*Exercise brief*
Leaving all pictures out, output exactly and only the line containing "NEW: Musician sings" and the lines that follow it to the end of the material below.

★ ★ ★ ★ ★ ★ ★

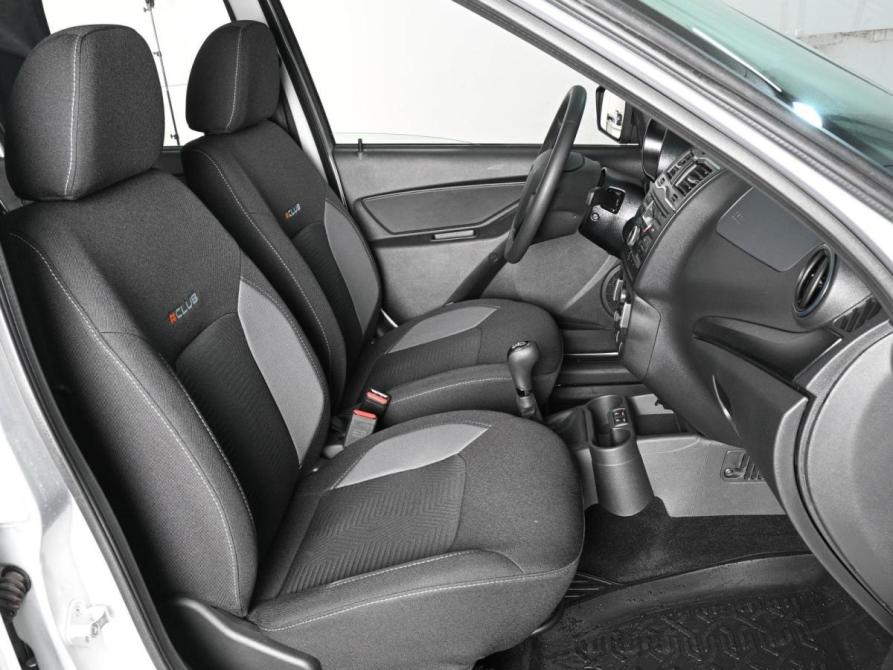 Lada (ВАЗ) Granta I Рестайлинг Ростов-на-Дону  - изображение 8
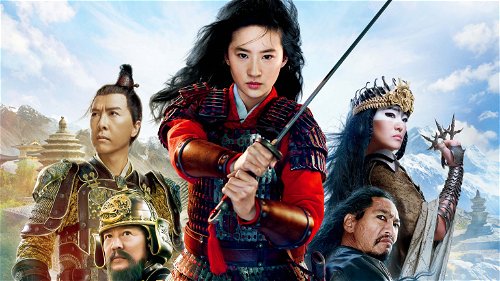 Kritiek op Disney neemt toe: opnames 'Mulan' vonden plaats in omstreden regio Xinjiang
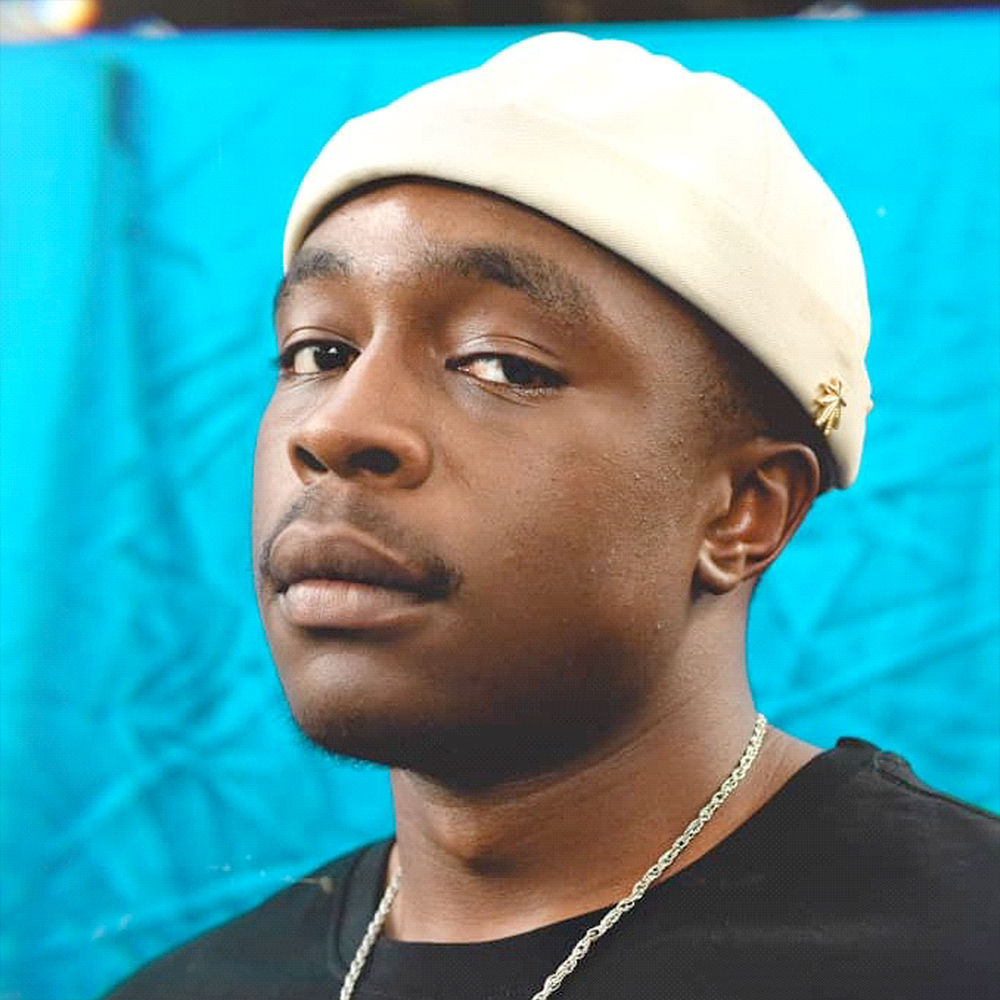 NEW: Musician sings for Holy Ten’s baby mama 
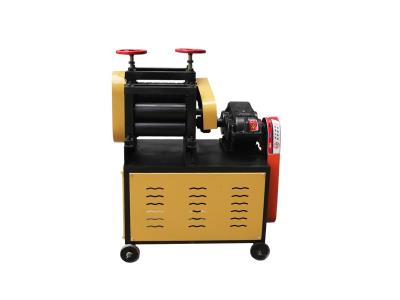 Import Scrap Wire Straightening Machine from chinese wholesale supplier and manufacturer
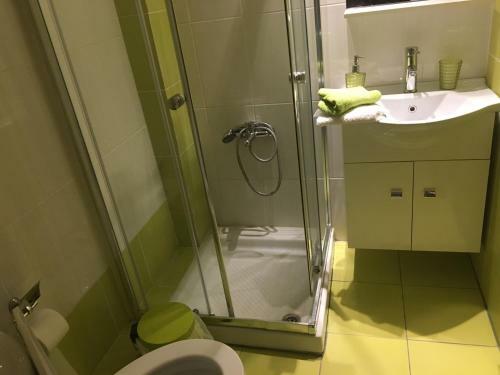 Apartamento Er.zo Summer Studios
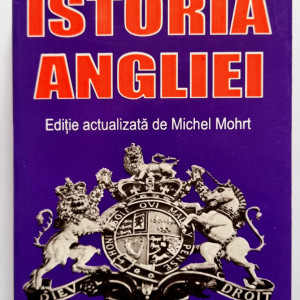 Andre Maurois - Istoria Angliei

★ ★ ★ ★ ★ ★ ★

*Response*
 NEW: Musician sings for Holy Ten’s baby mama 
 Import Scrap Wire Straightening Machine from chinese wholesale supplier and manufacturer
 Apartamento Er.zo Summer Studios
 Andre Maurois - Istoria Angliei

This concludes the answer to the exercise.